Menanggapi hal tersebut, Ahli Entomologi IPB University Prof Upik Kesumawati Hadi mengatakan teknologi nyamuk ber-Wolbachia sebenarnya telah dimanfaatkan di beberapa negara.

Pemanfaatan ini dalam rangka untuk menurunkan kasus demam dengue seperti yang dilakukan Australia, Vietnam, Brasil, Kolombia, Honduras, El Salvador, dan Singapura.

"Sementara itu di Indonesia, kisah sukses pemanfaatan teknologi tersebut telah dilaporkan dari Yogyakarta. Hasilnya dapat menurunkan 77% kasus demam dengue dan menurunkan potensi rawat inap hingga 86% pada 2022," ucapnya.

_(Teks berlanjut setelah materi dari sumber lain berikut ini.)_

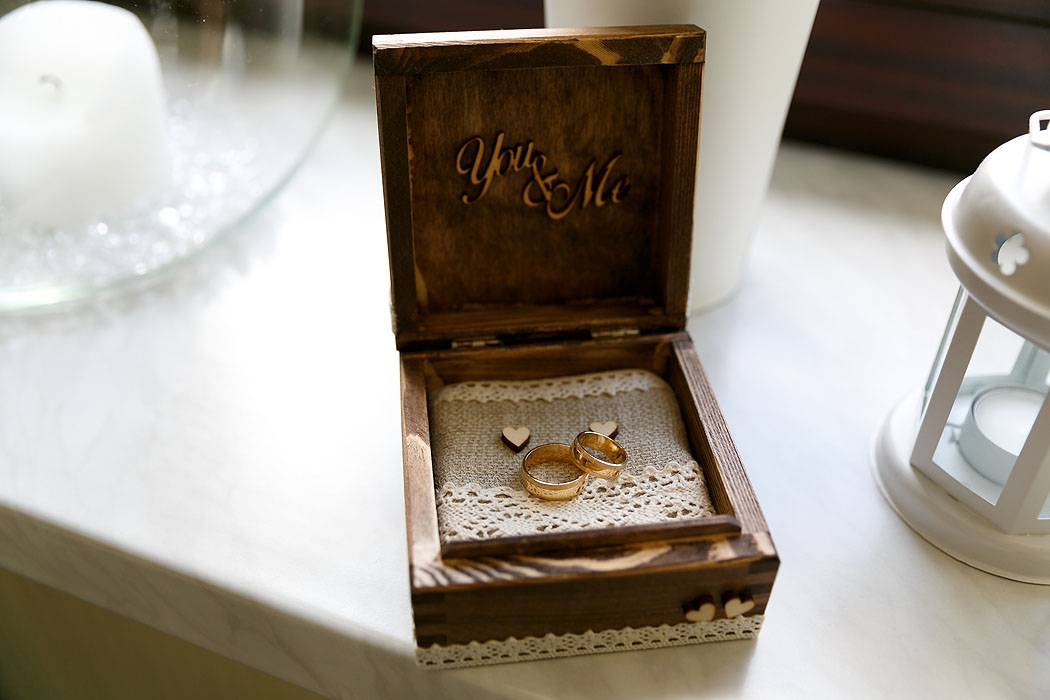 fotograf Kołobrzeg, fotografia ślubna, zdjęcia ślubne, zdjęcia z przygotowań, przygotowania do ślubu, makijaż ślubny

MI/HO--Ahli Entomologi IPB University Prof Upik Kesumawati Hadi

Guru Besar Sekolah Kedokteran Hewan dan Biomedis (SKHB) IPB University itu melanjutkan, teknologi nyamuk ber-wolbachia juga telah direkomendasikan oleh Vector Control Advisory Group (VCAG) WHO pada 2023 sebagai satu di antara metode dalam menangani kasus DBD.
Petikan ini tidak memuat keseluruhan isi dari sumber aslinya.